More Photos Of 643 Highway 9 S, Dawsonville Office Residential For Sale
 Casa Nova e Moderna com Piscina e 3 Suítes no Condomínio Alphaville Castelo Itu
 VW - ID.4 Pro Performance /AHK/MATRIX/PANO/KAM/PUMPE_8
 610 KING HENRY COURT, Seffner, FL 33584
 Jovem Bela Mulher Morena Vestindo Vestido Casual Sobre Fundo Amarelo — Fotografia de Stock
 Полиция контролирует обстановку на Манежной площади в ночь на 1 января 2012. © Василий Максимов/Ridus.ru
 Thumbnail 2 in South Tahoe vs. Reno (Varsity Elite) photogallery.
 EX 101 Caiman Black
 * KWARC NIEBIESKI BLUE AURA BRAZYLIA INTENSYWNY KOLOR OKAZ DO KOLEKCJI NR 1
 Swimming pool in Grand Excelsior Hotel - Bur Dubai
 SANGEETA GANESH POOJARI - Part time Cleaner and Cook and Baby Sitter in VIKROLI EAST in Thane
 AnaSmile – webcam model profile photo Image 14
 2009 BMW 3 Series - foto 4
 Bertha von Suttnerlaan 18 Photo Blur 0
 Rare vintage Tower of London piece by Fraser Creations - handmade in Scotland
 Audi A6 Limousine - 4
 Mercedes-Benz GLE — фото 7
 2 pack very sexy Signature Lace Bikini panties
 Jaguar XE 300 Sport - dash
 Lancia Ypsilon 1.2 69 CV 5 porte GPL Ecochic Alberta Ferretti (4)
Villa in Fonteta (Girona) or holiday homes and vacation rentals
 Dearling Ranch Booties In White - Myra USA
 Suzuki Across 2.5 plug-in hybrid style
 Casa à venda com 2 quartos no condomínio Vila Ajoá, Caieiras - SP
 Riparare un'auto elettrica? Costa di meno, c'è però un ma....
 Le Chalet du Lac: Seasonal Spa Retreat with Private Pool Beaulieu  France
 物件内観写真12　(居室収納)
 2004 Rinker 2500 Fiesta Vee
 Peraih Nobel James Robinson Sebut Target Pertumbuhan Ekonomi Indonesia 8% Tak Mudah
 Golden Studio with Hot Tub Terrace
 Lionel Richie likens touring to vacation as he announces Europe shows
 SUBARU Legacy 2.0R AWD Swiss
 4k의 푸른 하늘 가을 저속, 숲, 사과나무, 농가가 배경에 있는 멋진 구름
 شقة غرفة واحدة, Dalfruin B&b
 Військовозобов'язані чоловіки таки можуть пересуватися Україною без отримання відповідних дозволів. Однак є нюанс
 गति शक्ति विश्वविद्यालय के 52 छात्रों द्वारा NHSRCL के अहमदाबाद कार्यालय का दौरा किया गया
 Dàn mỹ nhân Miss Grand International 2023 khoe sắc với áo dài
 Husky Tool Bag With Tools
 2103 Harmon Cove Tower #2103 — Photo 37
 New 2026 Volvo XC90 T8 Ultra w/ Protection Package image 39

+ + + + + + +

> **TRY IT**: Within the material above, transcribe exactly the lines that run from the line holding "2009 BMW 3 Series - foto 4" through the line holding "Військовозобов'язані чоловіки таки".

> **TASK ANSWER**:
 2009 BMW 3 Series - foto 4
 Bertha von Suttnerlaan 18 Photo Blur 0
 Rare vintage Tower of London piece by Fraser Creations - handmade in Scotland
 Audi A6 Limousine - 4
 Mercedes-Benz GLE — фото 7
 2 pack very sexy Signature Lace Bikini panties
 Jaguar XE 300 Sport - dash
 Lancia Ypsilon 1.2 69 CV 5 porte GPL Ecochic Alberta Ferretti (4)
Villa in Fonteta (Girona) or holiday homes and vacation rentals
 Dearling Ranch Booties In White - Myra USA
 Suzuki Across 2.5 plug-in hybrid style
 Casa à venda com 2 quartos no condomínio Vila Ajoá, Caieiras - SP
 Riparare un'auto elettrica? Costa di meno, c'è però un ma....
 Le Chalet du Lac: Seasonal Spa Retreat with Private Pool Beaulieu  France
 物件内観写真12　(居室収納)
 2004 Rinker 2500 Fiesta Vee
 Peraih Nobel James Robinson Sebut Target Pertumbuhan Ekonomi Indonesia 8% Tak Mudah
 Golden Studio with Hot Tub Terrace
 Lionel Richie likens touring to vacation as he announces Europe shows
 SUBARU Legacy 2.0R AWD Swiss
 4k의 푸른 하늘 가을 저속, 숲, 사과나무, 농가가 배경에 있는 멋진 구름
 شقة غرفة واحدة, Dalfruin B&b
 Військовозобов'язані чоловіки таки можуть пересуватися Україною без отримання відповідних дозволів. Однак є нюанс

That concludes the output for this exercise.